◆ Stored items

+ + +

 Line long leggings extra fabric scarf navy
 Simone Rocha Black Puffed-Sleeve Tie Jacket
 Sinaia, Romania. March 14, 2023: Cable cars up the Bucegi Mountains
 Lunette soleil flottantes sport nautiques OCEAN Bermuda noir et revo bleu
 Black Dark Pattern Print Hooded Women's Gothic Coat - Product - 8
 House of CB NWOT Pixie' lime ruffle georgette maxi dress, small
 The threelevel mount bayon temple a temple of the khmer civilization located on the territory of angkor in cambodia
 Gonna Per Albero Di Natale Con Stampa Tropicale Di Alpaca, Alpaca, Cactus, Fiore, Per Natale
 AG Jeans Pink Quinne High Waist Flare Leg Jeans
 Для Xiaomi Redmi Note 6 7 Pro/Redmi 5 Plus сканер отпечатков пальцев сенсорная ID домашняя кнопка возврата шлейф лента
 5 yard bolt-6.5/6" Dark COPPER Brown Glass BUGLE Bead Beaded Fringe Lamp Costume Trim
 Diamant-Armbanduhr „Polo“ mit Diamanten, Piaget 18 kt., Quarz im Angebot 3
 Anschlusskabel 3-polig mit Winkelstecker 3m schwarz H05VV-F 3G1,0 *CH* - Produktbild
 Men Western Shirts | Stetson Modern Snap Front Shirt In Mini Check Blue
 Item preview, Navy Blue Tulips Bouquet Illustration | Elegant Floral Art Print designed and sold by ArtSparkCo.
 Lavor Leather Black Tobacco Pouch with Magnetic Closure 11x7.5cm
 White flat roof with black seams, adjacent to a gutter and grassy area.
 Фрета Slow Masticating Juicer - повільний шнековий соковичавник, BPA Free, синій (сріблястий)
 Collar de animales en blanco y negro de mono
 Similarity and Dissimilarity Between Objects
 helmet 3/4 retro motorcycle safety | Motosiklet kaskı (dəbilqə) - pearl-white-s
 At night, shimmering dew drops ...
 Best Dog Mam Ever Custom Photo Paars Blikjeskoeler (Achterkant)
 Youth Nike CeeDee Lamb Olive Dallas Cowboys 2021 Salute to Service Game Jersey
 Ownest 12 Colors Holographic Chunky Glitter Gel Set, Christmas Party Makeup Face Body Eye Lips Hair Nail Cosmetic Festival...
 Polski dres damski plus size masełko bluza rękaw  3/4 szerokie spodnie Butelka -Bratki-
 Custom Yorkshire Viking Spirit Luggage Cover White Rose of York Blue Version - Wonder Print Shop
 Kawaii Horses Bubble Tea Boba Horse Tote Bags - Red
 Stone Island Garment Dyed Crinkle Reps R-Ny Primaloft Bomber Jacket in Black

+ + +

◆ Task directions
Where a line above holds the string "with", copy that line.

◆ Solution
 Lavor Leather Black Tobacco Pouch with Magnetic Closure 11x7.5cm
 White flat roof with black seams, adjacent to a gutter and grassy area.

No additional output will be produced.